**TASK TO COMPLETE**
Drop every picture and copy exactly the lines from the one with "Dans Les Vignes Hotel Chamery" through the last line of the listing below.

**AVAILABLE RECORDS**
⟨
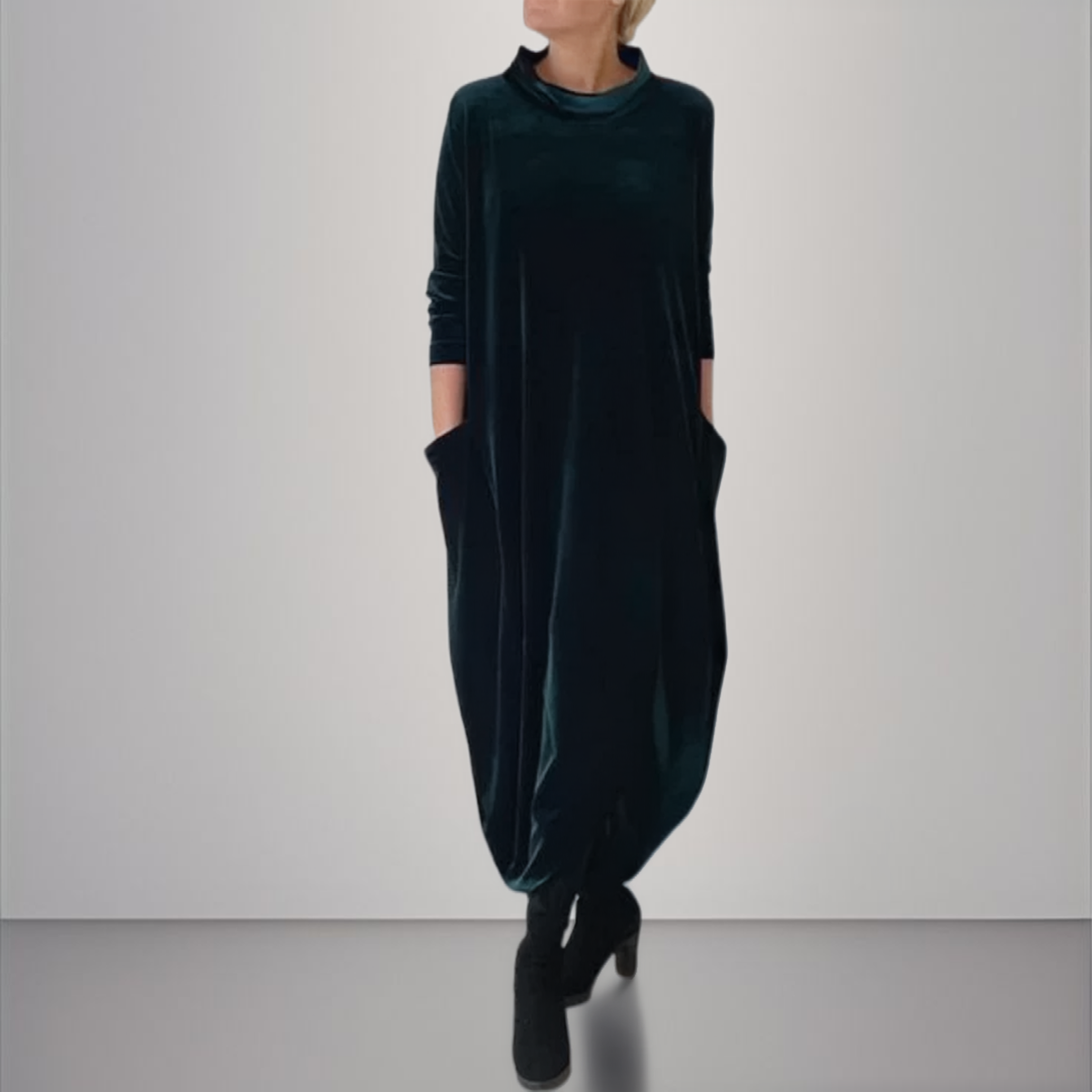 Éloura | Velvet Elegant Maxi Dress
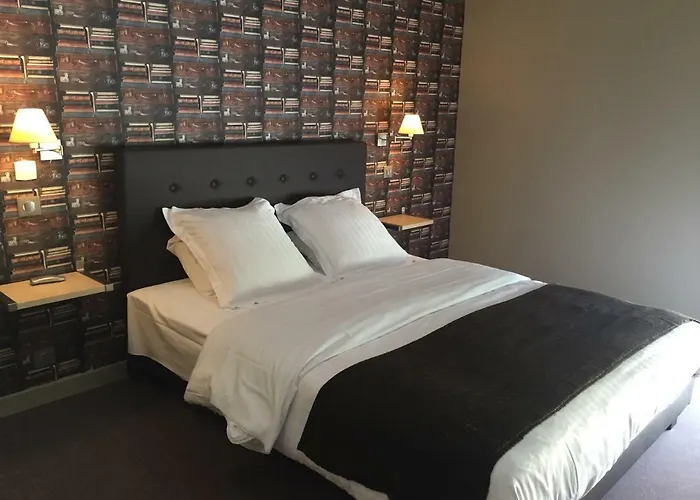 Dans Les Vignes Hotel Chamery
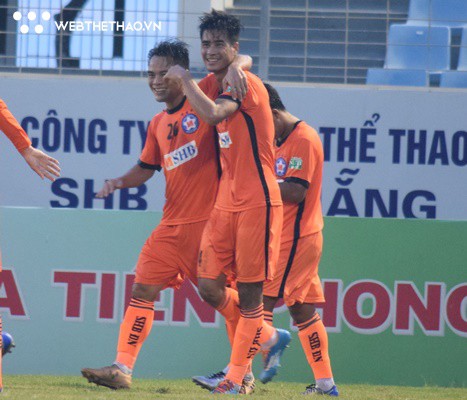 Ngô Viết Phú: “Cánh chim lạ” với bàn thắng để đời ở V.League 2018 - Ảnh 4.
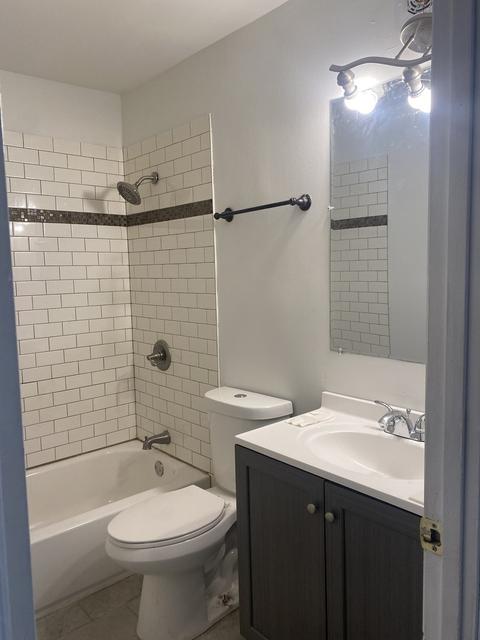 16525 Ashland Ave, Markham, IL 60428 photo 10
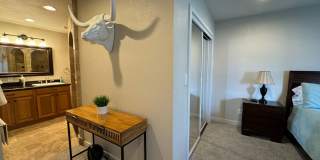 Riverfront 2BR Condo Great Views, Luxury Furnished incl UTILITIES Riverfront 2BR Condo Great Views, Luxury Furnished incl UTILITIES Gallery 19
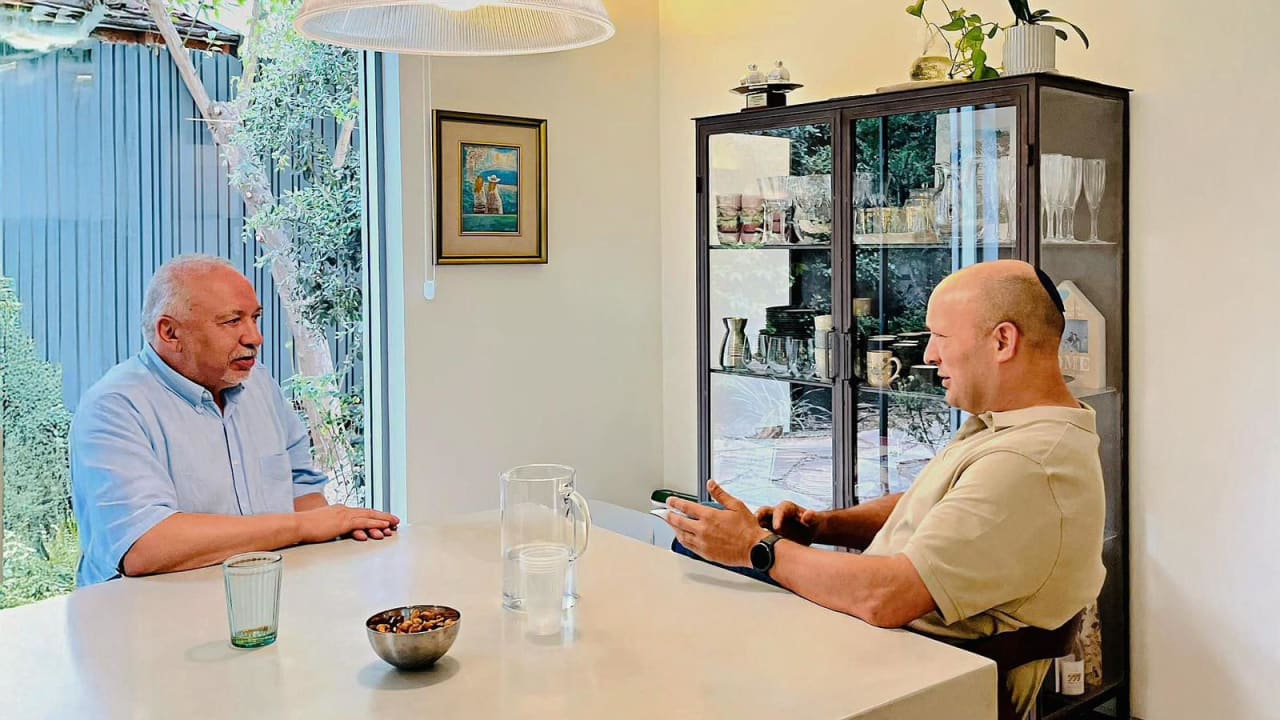 اجتماع بين رئيس الوزراء الإسرائيلي السابق أفيغدور ليبرمان وبنيت لمناقشة حرب غزة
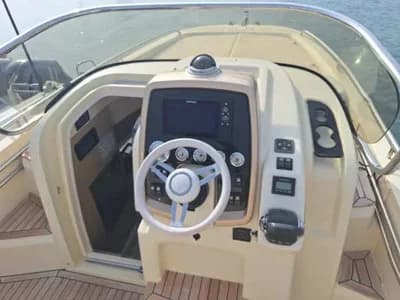 INVICTUS 280 GT 3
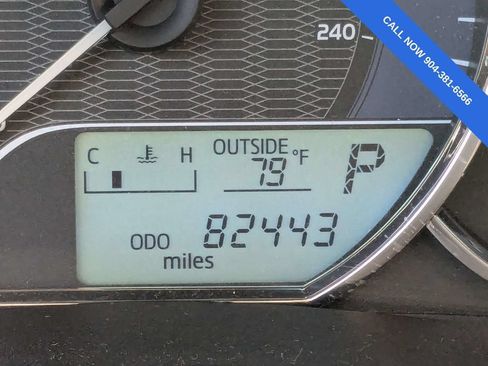 Used 2015 Toyota Corolla LE FWD image 30
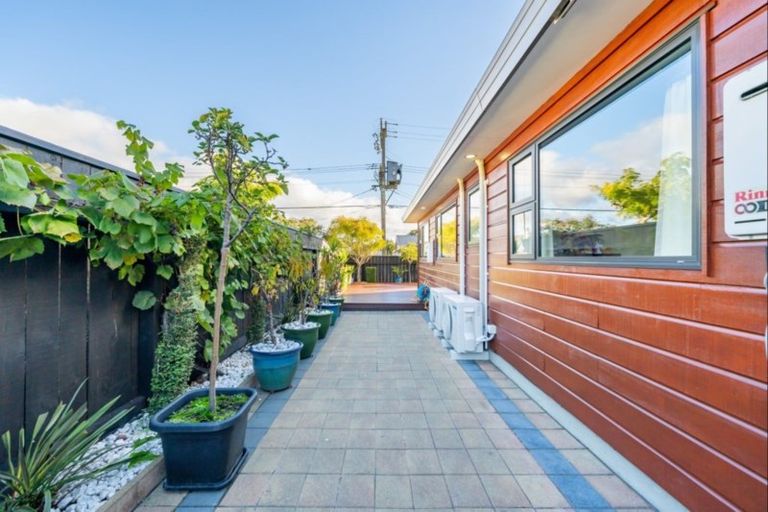 Photo of property in 28 Tararua Street, Trentham, Upper Hutt, 5018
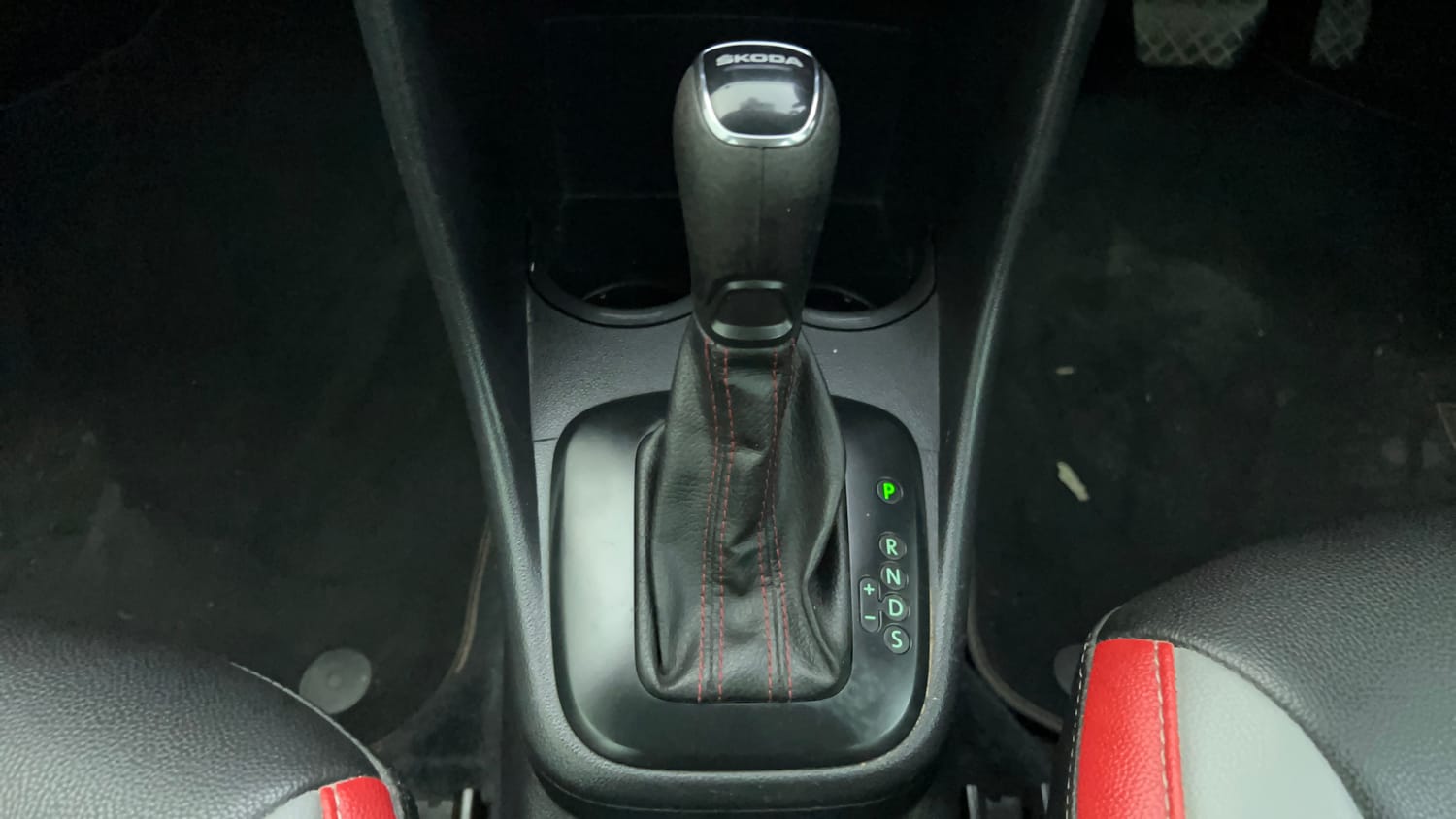Used 2021 Skoda Rapid Style AT Petrol Automatic interior GEAR  KNOB VIEW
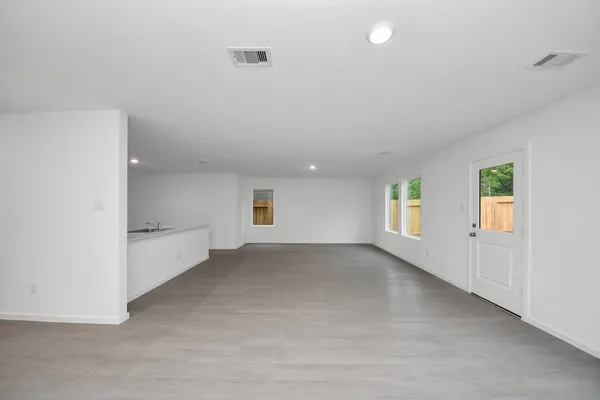 $1,900 | 13499 Sonali Springs Drive, Conroe, TX 77303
⟩
**SOLUTION**
 Dans Les Vignes Hotel Chamery
 Ngô Viết Phú: “Cánh chim lạ” với bàn thắng để đời ở V.League 2018 - Ảnh 4.
 16525 Ashland Ave, Markham, IL 60428 photo 10
 Riverfront 2BR Condo Great Views, Luxury Furnished incl UTILITIES Riverfront 2BR Condo Great Views, Luxury Furnished incl UTILITIES Gallery 19
 اجتماع بين رئيس الوزراء الإسرائيلي السابق أفيغدور ليبرمان وبنيت لمناقشة حرب غزة
 INVICTUS 280 GT 3
 Used 2015 Toyota Corolla LE FWD image 30
 Photo of property in 28 Tararua Street, Trentham, Upper Hutt, 5018
Used 2021 Skoda Rapid Style AT Petrol Automatic interior GEAR  KNOB VIEW
 $1,900 | 13499 Sonali Springs Drive, Conroe, TX 77303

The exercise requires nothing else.